Sunday, April 24, 2011

Grand Central Dispatch for Win32: why I want it

When Apple introduced Grand Central Dispatch in Mac OS X Snow Leopard the response from the fanboy crowd was predictably lunatic, with many of Apple’s fans proclaiming that Snow Leopard would, somehow, enable software to exploit the full potential of parallel processors, with little or no developer effort necessary; a belief that Apple did little or nothing to disabuse them of.

In reality, of course, it was nothing of the sort. Though it does not live up to these lofty goals—and, unsurprisingly, does not even attempt to live up to them—it is nonetheless a very interesting library indeed.

At first glance, it doesn’t look too special. It looks a bit like thread pooling, and there’s nothing fancy or innovative about thread pooling. Thread pooling is how Wikipedia describes GCD, and even Apple’s description is almost wholly fixated with threads and thread management.

It’s true that GCD does use thread pools in the background, but to concentrate on this is to miss the point. GCD’s value lies not in thread pooling, but in queuing.

Queues are at the heart of GCD. Everything happens with queues. Tasks/callbacks are placed on queues and, when dequeued, get executed. There are both parallel queues—which is where the thread pool nature of GCD becomes apparent—and serial queues—which execute strictly in order. Queues can target other queues allowing complex queue graphs to be constructed, in turn allowing simple construction of software pipelines and other complex code flows.
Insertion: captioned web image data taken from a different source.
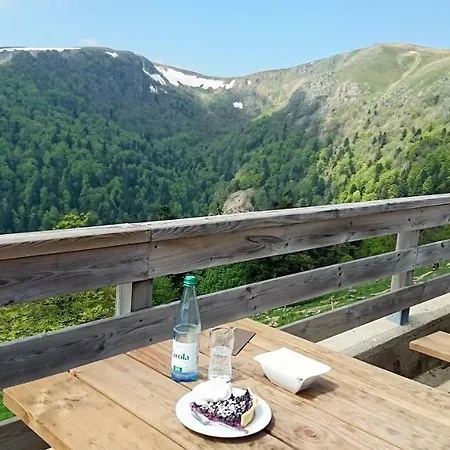 Les Hauts Du Gaschney Мюльбах-сюр-Мюнстер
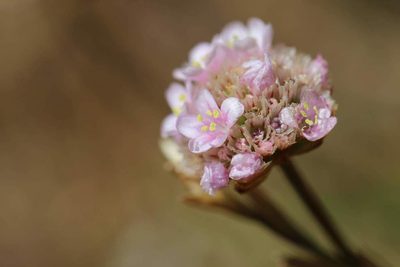 Armeria curvifolia, photographed by Cesar Ormazabal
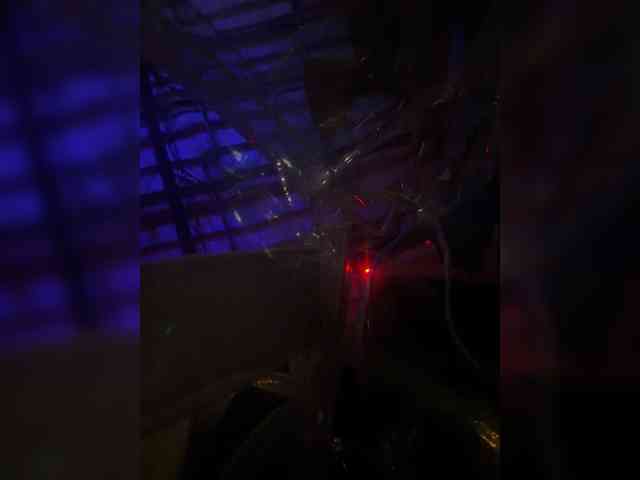 LunaBiely webcam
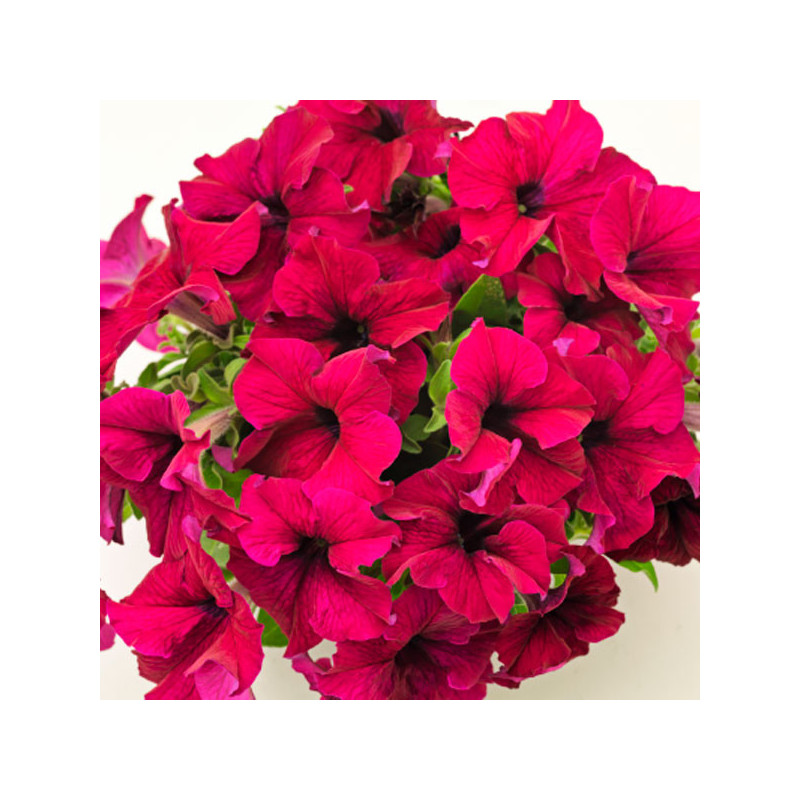  Petunia 1000 Semillas grandiflora Success 360 Burgundy PLT Flor Maceta 74.576271 Petunia 1000 Semillas grandiflora Success 360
In tandem with GCD, Apple also introduced a new C extension that they have called “blocks”. Blocks are more or less lambdas (anonymous functions) grafted onto C, and there is also a block storage scope, the purpose of which I cannot remember at this time. Unfortunately, they have syntax that’s incompatible with C++ lambdas. Blocks and GCD are separate—you can have either one without the other—but mesh nicely together.
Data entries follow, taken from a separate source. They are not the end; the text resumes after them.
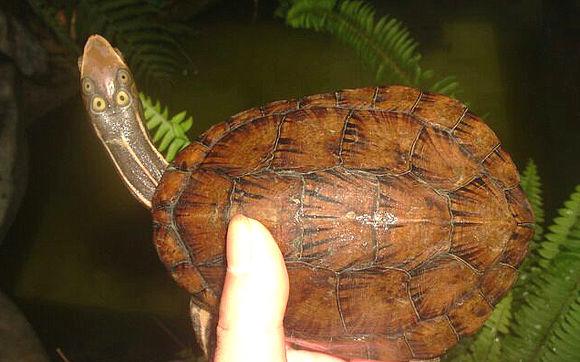 四眼斑龟的养殖方法图解,室内养四眼斑龟注意事项(1)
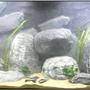 65 gallons freshwater fish tank (mostly fish and non-living decorations) - Tanganyika, hollow rocks DIY... made from cement en epoxyresin.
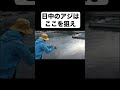 【アジング】真昼間にアジが釣れる場所を教えます。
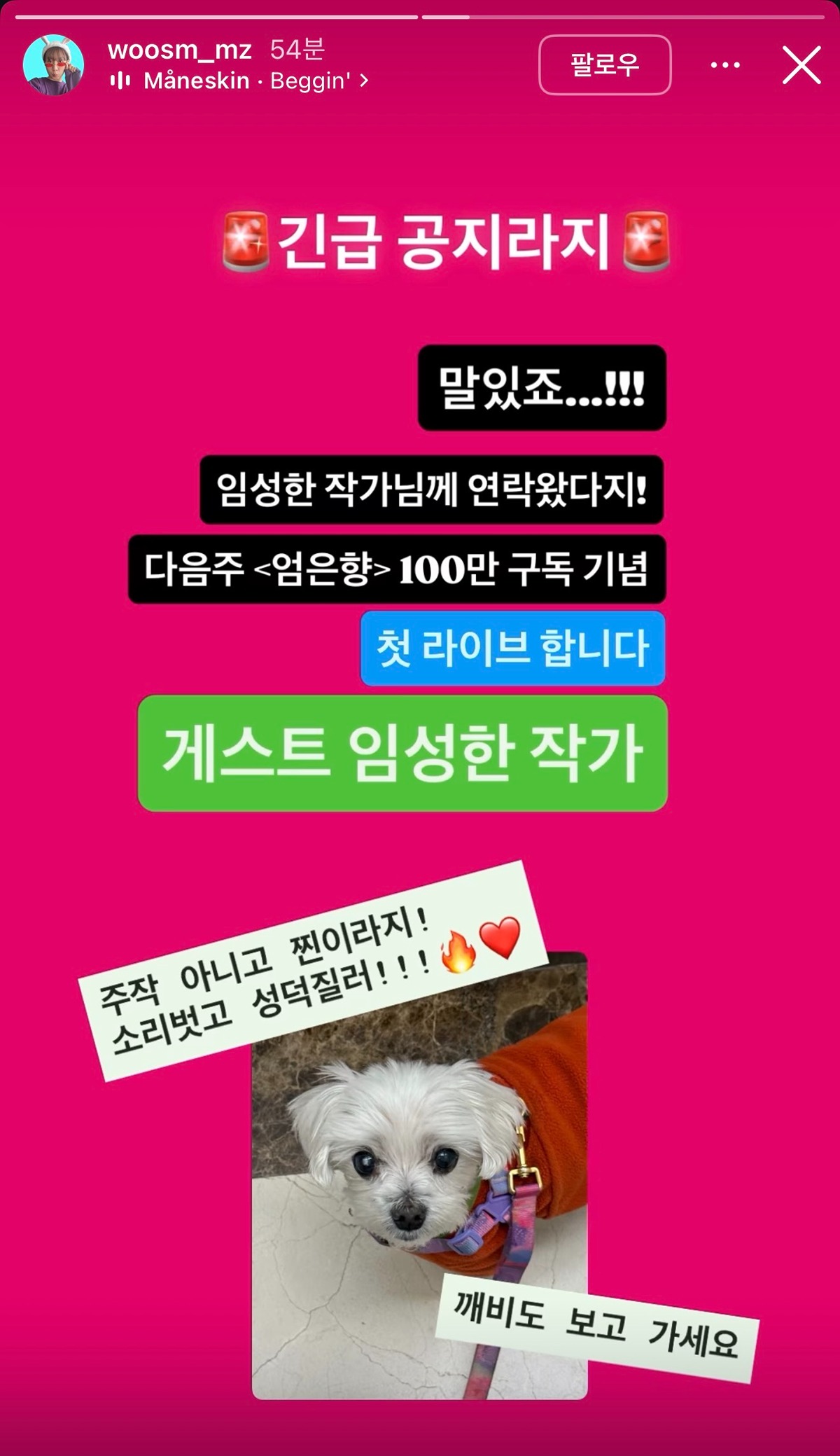 [잡담] 앵 엄은향 유튭에 임성한 온다는대...? | 인스티즈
Don’t block the main thread

Grand Central Dispatch is appealing for many reasons. In common with many graphical/windowing toolkits, Cocoa windows are essentially single-threaded in nature. Traditionally, they were tightly restricted: any command that updates the window in any way needs to be executed on the thread owning that window. Those restrictions have been relaxed a little in 10.6, but to avoid problems it’s still a sound model to follow. However, it causes an issue in an all-too-common scenario:

  1. User clicks a button to trigger an action
  2. Action is executed on the window’s thread
  3. The action takes a long time to execute
  4. Because the window is no longer processing messages, it beachballs (Mac OS X) or ghosts (Windows)

This situation is notoriously common, and it makes applications horrible to use, as it makes their interfaces slow and unresponsive. The reason it’s so common is that generally, there’s just no good alternative. Naively, performing the action in a separate thread seems to be the way to go—you might even use a thread pool to do it—and for some actions that’s even true, but in general there’s a problem with this approach.
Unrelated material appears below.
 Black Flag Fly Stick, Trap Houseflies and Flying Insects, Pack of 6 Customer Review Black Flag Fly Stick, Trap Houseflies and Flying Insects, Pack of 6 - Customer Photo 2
Typically, when the action is finished, you want to update the window somehow. And to safely update a window, the updates need to be made on the window’s thread. But if your action was spun off into its own thread, it has no good way of getting back onto the window thread. Awkward.

In Windows Presentation Foundation, which has a similar single-threaded approach, you would use Dispatcher.Invoke to make an update back on the main thread. WinForms, the older .NET toolkit that wraps Win32, had a similar mechanism. But pure Win32 and Cocoa alike both lacked any effective way to do this.

Enter Grand Central Dispatch. Grand Central Dispatch on Cocoa provides a special queue that is plumbed in to the main thread (that is, the thread on which windowing operations should be performed). With this special queue, it’s all of a sudden very easy to perform our slow action on a background thread:

    void main_loop(int event, void* data)
    {
       switch(event)
       {
       case OMG_SOMEONE_CLICKED_THE_BUTTON:
          dispatch_async(dispatch_get_global_queue(0, 0), ^{
             doSomethingLengthyToTheData(data);
             dispatch_async(dispatch_get_main_queue(), ^{
                updateMainWindow();
             });
          });
       }
    }

Notice the use of blocks. Blocks are introduced with a caret, ^, followed by an optional argument list (omitted here, because neither block has parameters anyway), followed by the block body inside braces. ^ is also used as a declarator (equivalent to * for pointers), to allow block types to be declared, using syntax equivalent to that of function pointers. This alone is a killer feature.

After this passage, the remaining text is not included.